A febbraio è piombato negli uffici del neoeletto presidente Enrique Peña Nieta, Partido revolucionario institucional, il report “Los Desaparecidos de México: El persistente costo de una crisis ignorada” (Gli scomparsi del México: il costo persistente di una crisi ignorata) di Human Rights Watch, una delle organizzazioni più importanti al mondo in difesa dei diritti umani. Per l’attuale classe politica le 193 pagine del documento hanno avuto l’effetto di una serie di mine vaganti lasciate circolare negli stati della repubblica. Sono state fornite prove e individuati colpevoli. 250 i casi di scomparsa documentati durante il governo dell’ex presidente Felipe Calderón, di questi per 149 sono agli atti prove evidenti dell’implicazione di agenti del governo: “Il presidente Peña Nieto ha ereditato una delle crisi peggiori in materia di sparizioni forzate che si siano mai verificate nella storia dell’America Latina”, sottolinea José Miguel Vivanco, direttore per il continente americano di Human Rights Watch, “Dato che la sua amministrazione aveva annunciato misure importanti per assistere le vittime della violenza, deve agire per assicurare alla giustizia i responsabili. Abbiamo riscontrato che i membri di tutte le forze della sicurezza nazionale sono stati implicati nelle sparizioni forzate: Esercito, Marina, polizia federale, statale e municipale. In più di 60 casi è stata riscontrata la collaborazione diretta di agenti che collaborarono con la delinquenza organizzata nella sparizione di persone eo per estorcere denaro alle loro famiglie”. Il report è stato preceduto a gennaio da un’analisi del Baker Institute sulla strategia contro la criminalità messa in campo dal governo del Pri: “il México non deve aspettarsi con Peña Nieto un cambio di strategia contro il crimine organizzato rispetto a quello che attuò Felipe Calderón. Il nuovo piano di sicurezza nazionale non è altro che la continuazione della politica messa in atto dall’ex presidente panista Calderón”.

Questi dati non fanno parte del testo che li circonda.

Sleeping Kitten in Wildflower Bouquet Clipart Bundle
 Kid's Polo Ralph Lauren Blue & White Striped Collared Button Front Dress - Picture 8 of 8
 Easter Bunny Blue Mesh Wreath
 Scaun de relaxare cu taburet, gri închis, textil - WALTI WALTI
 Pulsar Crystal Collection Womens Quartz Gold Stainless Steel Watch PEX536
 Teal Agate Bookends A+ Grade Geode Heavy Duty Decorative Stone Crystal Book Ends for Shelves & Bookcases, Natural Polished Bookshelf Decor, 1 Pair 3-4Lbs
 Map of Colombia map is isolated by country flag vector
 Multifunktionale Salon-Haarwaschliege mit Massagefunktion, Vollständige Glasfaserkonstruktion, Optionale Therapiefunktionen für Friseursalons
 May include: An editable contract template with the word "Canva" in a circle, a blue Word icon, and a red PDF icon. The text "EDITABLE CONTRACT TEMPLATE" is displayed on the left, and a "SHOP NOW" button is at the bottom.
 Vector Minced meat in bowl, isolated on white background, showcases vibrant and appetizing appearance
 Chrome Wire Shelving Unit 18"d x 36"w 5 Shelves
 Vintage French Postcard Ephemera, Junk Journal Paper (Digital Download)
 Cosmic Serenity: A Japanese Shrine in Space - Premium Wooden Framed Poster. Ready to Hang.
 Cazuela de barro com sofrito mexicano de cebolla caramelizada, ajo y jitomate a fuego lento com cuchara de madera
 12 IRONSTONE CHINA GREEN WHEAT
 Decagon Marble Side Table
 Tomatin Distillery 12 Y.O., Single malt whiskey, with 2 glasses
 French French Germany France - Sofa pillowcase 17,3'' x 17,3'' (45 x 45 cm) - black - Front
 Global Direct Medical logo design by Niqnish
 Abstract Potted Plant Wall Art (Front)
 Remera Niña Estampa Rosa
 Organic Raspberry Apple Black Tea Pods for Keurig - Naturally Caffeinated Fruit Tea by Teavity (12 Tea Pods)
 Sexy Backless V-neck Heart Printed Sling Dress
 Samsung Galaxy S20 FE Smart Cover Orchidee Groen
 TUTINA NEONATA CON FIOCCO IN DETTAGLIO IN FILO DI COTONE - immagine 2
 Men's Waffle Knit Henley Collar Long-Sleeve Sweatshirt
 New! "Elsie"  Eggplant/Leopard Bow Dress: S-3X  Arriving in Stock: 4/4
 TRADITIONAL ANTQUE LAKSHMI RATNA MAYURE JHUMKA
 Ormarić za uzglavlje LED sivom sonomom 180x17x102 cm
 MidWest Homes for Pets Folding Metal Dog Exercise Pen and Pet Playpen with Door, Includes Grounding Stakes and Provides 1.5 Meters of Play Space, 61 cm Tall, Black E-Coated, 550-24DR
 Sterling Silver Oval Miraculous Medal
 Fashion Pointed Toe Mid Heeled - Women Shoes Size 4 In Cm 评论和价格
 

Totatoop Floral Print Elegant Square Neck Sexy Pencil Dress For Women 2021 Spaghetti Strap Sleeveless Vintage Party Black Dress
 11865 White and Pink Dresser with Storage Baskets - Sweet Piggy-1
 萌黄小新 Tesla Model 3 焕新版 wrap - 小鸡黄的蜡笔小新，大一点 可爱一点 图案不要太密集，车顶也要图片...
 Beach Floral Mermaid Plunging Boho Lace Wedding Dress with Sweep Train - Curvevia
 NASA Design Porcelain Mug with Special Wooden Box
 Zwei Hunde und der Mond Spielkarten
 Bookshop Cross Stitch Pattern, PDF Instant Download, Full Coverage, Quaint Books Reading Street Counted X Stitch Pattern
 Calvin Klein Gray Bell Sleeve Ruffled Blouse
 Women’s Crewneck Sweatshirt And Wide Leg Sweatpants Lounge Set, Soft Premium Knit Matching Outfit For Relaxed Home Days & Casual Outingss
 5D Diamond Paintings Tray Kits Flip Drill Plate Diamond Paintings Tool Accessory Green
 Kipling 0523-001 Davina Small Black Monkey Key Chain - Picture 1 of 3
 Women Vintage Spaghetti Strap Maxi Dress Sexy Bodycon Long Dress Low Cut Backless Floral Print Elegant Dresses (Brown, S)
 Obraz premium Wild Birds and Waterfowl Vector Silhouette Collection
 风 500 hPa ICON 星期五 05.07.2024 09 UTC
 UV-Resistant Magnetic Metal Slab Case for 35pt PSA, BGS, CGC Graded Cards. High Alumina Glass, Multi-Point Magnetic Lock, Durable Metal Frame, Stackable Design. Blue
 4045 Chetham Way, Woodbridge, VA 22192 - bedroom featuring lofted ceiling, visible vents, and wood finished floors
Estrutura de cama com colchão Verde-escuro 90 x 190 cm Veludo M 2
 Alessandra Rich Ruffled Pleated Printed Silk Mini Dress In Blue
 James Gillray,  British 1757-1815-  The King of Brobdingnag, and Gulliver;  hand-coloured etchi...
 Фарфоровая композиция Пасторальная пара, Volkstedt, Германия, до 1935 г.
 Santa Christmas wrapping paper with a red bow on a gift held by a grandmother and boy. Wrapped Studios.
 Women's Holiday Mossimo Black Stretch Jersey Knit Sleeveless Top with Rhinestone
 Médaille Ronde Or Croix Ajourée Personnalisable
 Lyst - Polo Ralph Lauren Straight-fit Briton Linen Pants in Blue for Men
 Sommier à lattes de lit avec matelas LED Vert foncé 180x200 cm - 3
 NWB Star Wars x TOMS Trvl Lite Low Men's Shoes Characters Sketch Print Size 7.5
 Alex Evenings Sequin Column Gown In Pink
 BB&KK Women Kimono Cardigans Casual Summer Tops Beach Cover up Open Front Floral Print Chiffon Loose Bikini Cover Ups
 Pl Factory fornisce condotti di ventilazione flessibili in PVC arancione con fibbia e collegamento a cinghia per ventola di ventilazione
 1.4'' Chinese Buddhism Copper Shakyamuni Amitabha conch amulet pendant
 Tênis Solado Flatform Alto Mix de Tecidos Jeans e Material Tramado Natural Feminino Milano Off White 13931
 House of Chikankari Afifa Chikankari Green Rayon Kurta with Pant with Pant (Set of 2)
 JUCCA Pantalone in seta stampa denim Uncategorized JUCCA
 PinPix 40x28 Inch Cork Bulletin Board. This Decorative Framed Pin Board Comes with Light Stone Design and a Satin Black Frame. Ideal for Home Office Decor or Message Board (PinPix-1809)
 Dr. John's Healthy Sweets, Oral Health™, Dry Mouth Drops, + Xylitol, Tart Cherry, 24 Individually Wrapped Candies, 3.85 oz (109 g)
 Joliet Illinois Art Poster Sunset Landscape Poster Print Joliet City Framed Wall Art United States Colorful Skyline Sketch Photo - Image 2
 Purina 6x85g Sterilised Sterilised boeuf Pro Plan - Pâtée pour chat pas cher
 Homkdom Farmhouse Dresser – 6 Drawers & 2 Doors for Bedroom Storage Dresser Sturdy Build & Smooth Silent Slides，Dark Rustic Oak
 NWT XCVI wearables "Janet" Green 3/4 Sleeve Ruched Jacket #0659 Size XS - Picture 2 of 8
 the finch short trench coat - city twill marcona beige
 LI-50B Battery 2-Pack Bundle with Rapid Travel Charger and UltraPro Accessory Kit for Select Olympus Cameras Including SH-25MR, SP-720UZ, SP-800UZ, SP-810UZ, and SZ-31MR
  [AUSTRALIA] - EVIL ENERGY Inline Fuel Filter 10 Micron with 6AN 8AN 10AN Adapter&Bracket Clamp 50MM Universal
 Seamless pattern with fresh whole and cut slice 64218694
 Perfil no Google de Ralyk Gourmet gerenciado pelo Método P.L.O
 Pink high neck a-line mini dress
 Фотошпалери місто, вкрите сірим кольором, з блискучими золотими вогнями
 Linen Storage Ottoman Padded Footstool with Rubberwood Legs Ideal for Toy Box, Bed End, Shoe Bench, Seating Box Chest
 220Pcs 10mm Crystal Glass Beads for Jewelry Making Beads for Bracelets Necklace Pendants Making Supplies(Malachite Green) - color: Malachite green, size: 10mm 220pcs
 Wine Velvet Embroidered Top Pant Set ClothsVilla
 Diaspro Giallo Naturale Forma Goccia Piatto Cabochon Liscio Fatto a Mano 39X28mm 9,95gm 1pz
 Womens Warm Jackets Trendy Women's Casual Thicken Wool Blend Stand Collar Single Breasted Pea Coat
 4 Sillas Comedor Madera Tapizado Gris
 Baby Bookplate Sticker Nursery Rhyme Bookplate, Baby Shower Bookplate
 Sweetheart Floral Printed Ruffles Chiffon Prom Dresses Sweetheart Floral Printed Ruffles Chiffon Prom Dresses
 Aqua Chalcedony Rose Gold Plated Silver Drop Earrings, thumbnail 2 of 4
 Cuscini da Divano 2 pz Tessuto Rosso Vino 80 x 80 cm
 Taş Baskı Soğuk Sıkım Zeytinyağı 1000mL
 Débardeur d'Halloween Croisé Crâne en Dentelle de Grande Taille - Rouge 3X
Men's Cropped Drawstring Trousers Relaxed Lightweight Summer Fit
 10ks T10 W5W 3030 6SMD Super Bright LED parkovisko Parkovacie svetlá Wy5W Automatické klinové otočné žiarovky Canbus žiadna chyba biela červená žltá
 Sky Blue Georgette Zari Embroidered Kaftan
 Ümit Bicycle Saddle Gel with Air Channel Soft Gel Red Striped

“Ogni storia è una tragedia spaventosa. Quella, però, che ancora oggi non riesco a togliermi dalla testa è Airis Estrella Enrique, sette anni, scomparsa nel maggio 2005. Il suo corpo viene ritrovato in un bidone, riempito di cemento per occultare la prove. Alcuni passanti vedono che dal bidone escono dei capelli e avvisano la polizia. Non sono mai riuscita a superare il trauma di quello che ho visto dai risultati dell’autopsia. Le avevano tolto la pelle quando era ancora viva, la torturarono con mutilazioni multiple in tutto il suo cuerpecito. Ho visto, però, anche la pena di sua madre trasformarsi in forza e lavorare al nostro fianco contro i femminicidi”. Per Marisela Ortiz, 47 anni, rifugiata politica, è necessario gridare, parlare, esigere giustizia dalle autorità, pensando che ogni violenza contro una donna, tra le mura della propria casa o nello spazio desolato di un deserto, non sia normale, che faccia parte di un sistema malato a cui non ci si può abituare.